▸ **Task item**
Begin at the line below that has "El sábado pasado". Stop after the line that has "网红青团～～咸蛋黄肉松青团", repeating each line exactly and leaving out the pictures.

▸ **Data section**
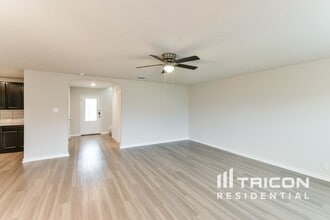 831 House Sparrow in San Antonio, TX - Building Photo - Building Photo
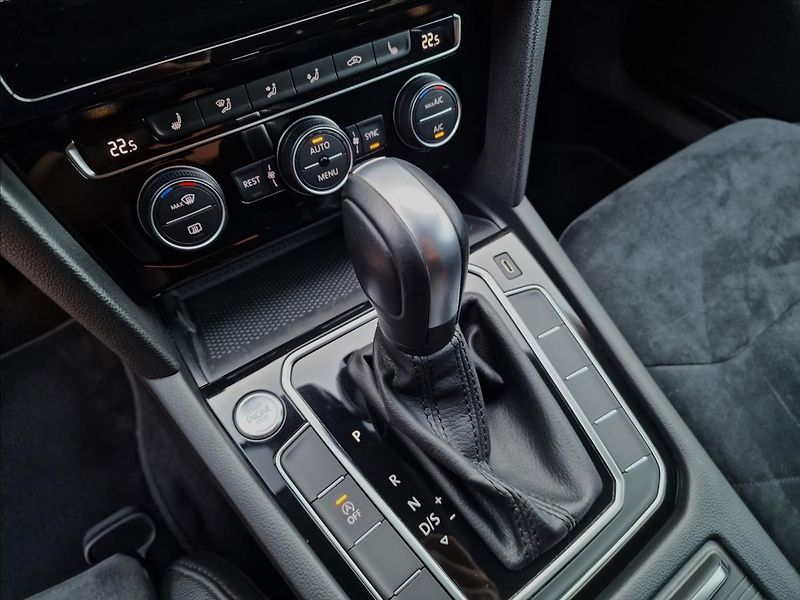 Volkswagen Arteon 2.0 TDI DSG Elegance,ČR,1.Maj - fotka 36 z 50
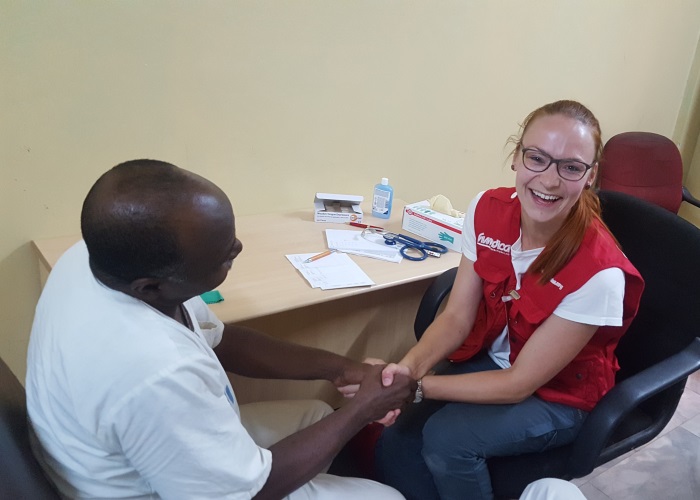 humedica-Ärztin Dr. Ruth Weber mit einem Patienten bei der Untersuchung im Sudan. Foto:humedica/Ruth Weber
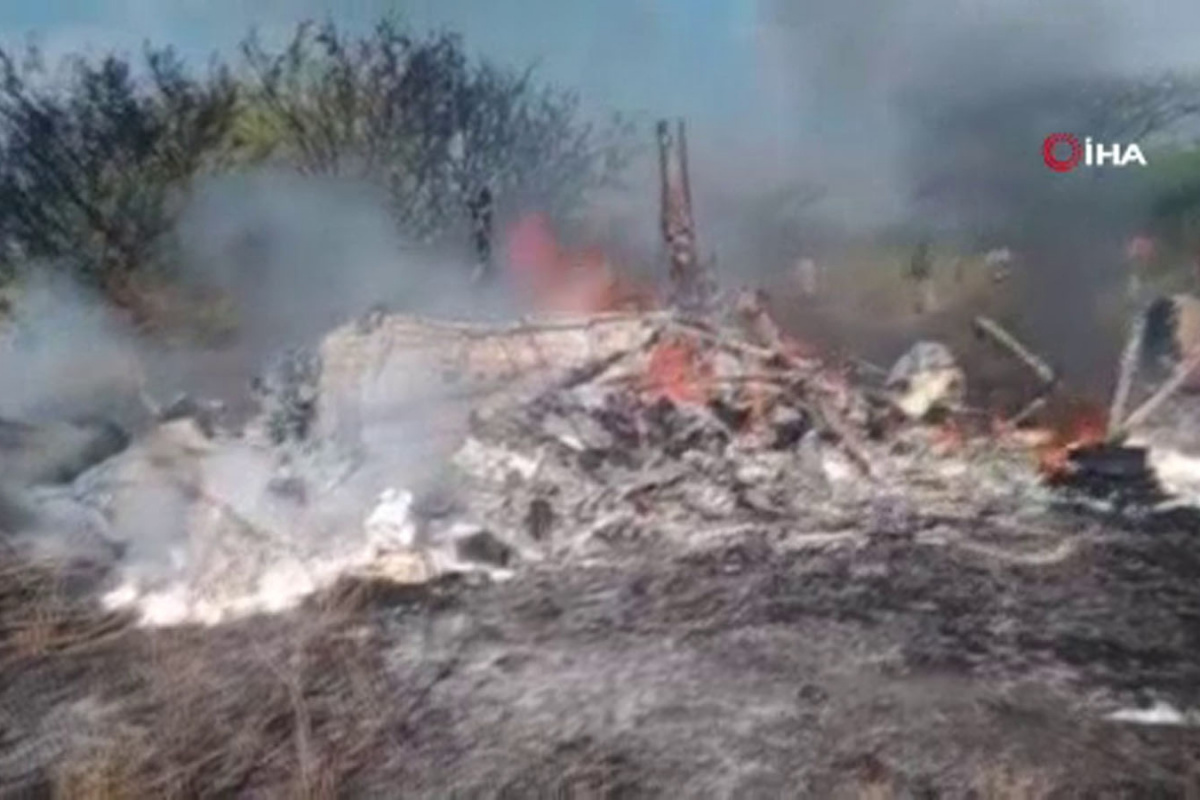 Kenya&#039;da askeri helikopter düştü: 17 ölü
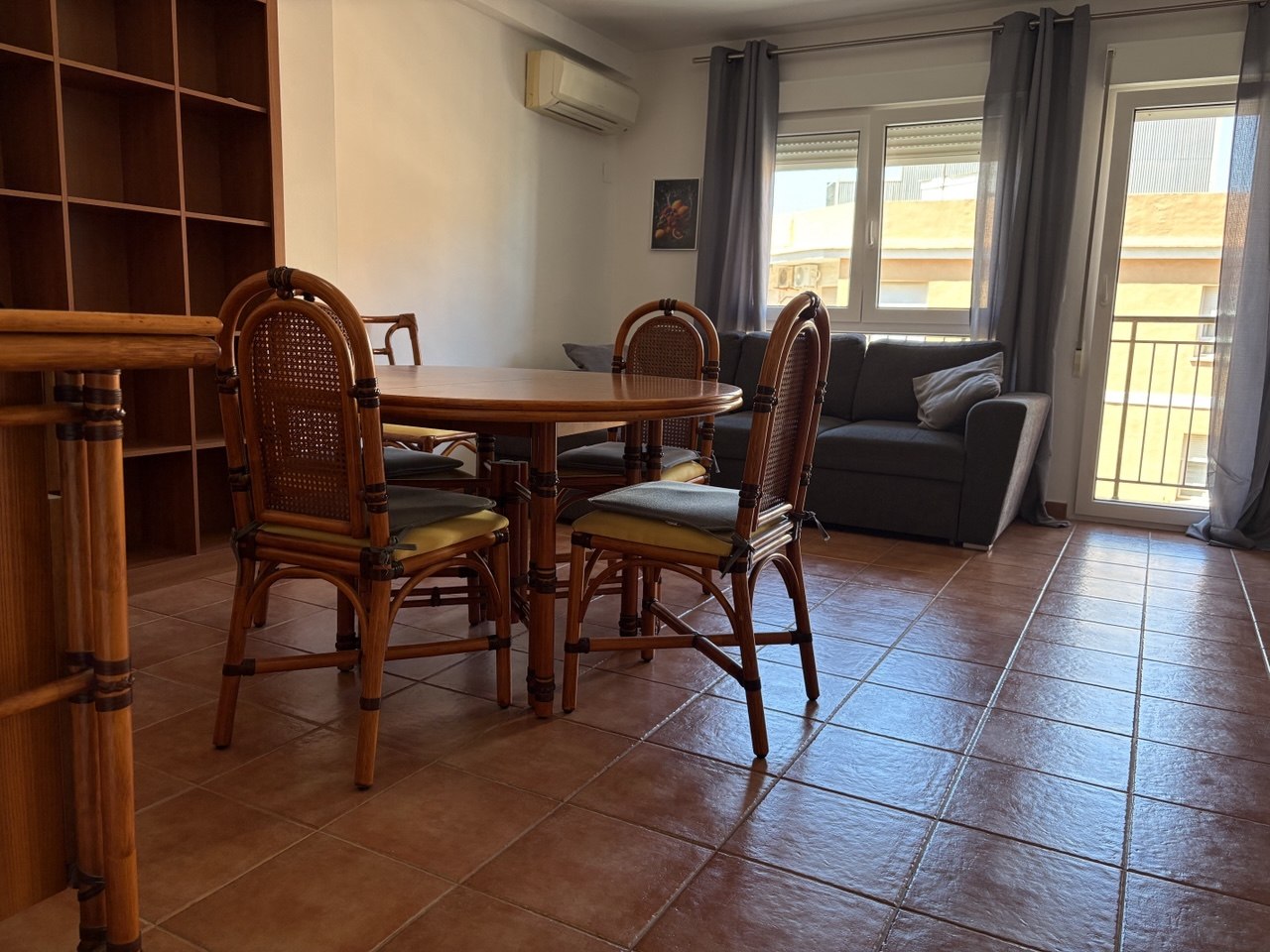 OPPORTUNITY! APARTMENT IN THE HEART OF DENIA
==
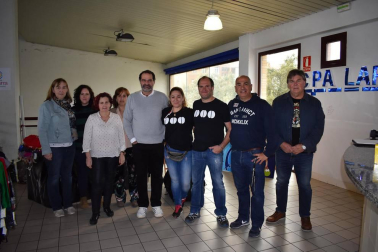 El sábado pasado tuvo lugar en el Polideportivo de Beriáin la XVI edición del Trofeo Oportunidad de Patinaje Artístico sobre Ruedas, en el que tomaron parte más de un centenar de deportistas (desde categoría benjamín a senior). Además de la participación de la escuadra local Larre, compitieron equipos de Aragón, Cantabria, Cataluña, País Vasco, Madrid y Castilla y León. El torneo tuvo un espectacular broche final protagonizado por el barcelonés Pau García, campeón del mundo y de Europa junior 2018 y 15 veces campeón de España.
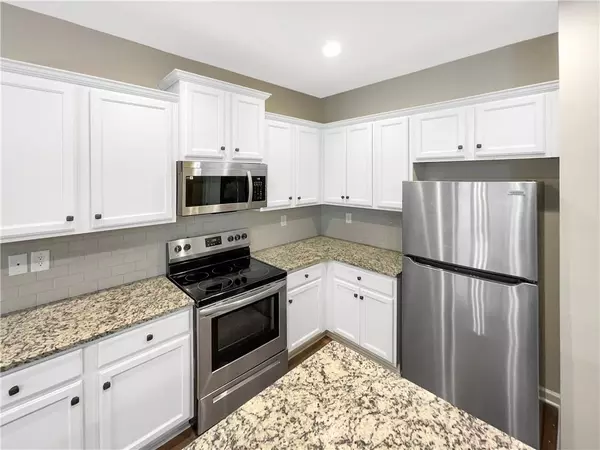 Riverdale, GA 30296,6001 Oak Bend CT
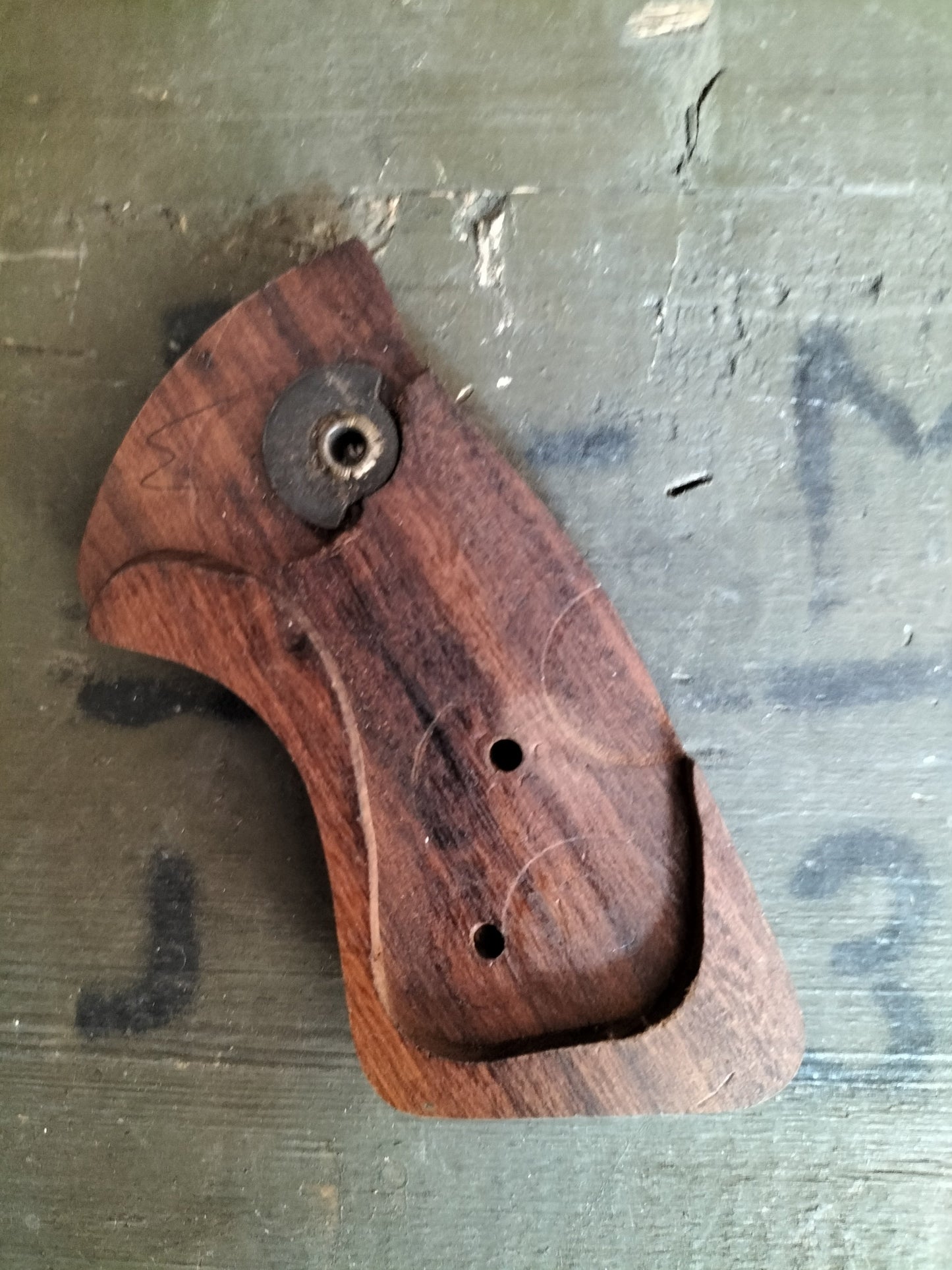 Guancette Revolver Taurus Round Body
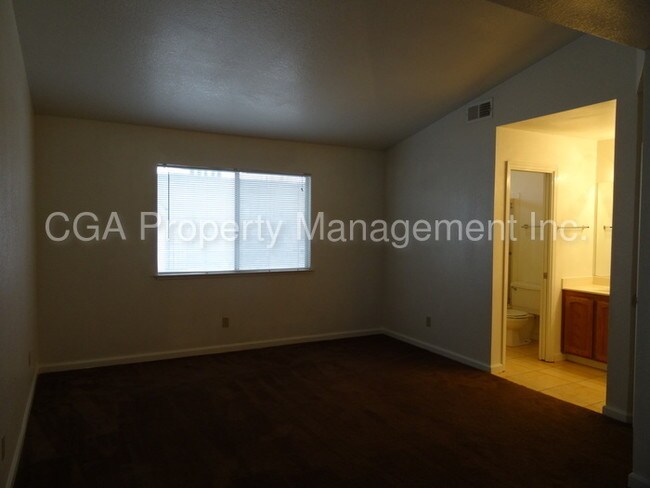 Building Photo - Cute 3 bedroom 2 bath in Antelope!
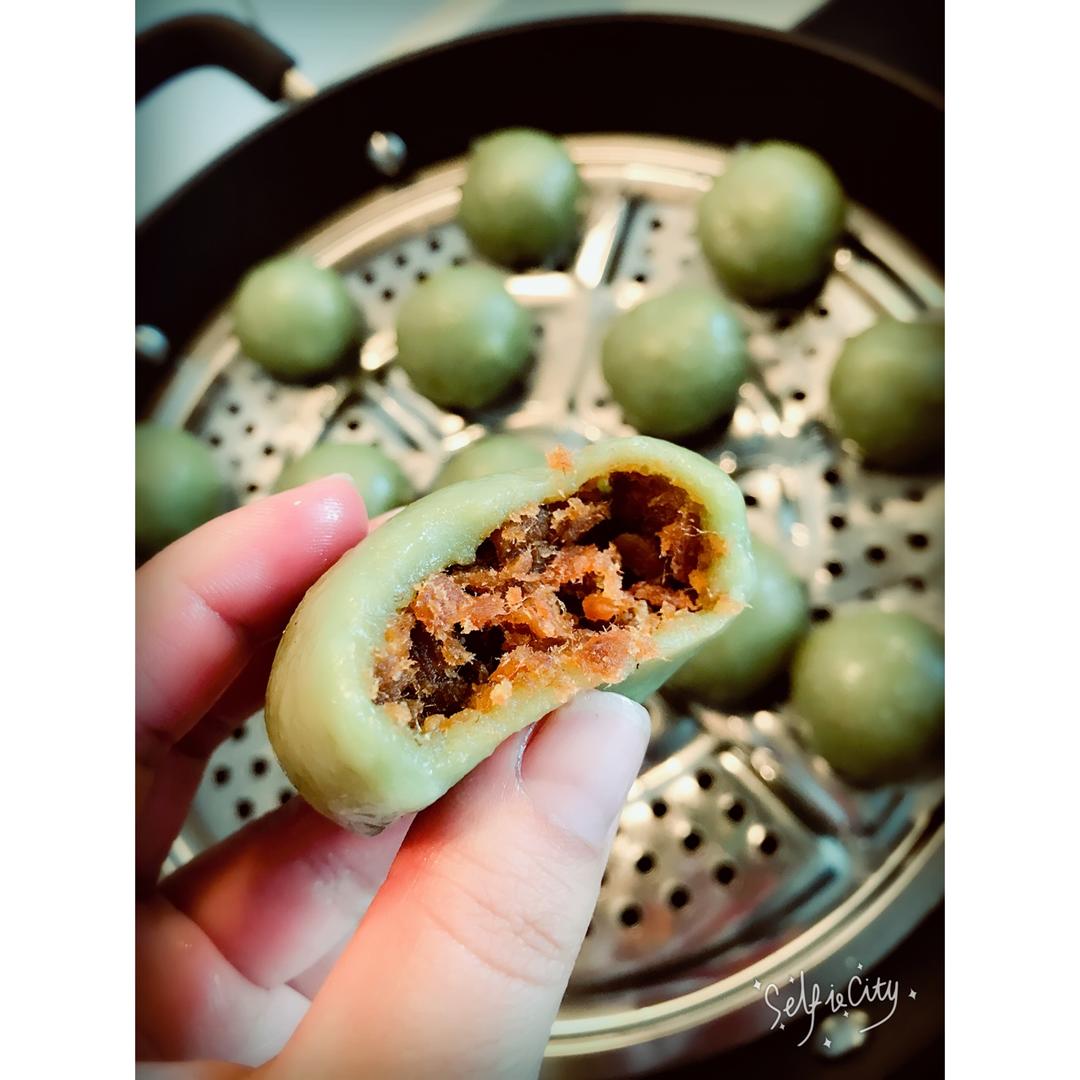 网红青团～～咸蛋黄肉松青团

▸ **Answer to this task**
 El sábado pasado tuvo lugar en el Polideportivo de Beriáin la XVI edición del Trofeo Oportunidad de Patinaje Artístico sobre Ruedas, en el que tomaron parte más de un centenar de deportistas (desde categoría benjamín a senior). Además de la participación de la escuadra local Larre, compitieron equipos de Aragón, Cantabria, Cataluña, País Vasco, Madrid y Castilla y León. El torneo tuvo un espectacular broche final protagonizado por el barcelonés Pau García, campeón del mundo y de Europa junior 2018 y 15 veces campeón de España.
 Riverdale, GA 30296,6001 Oak Bend CT
 Guancette Revolver Taurus Round Body
 Building Photo - Cute 3 bedroom 2 bath in Antelope!
 网红青团～～咸蛋黄肉松青团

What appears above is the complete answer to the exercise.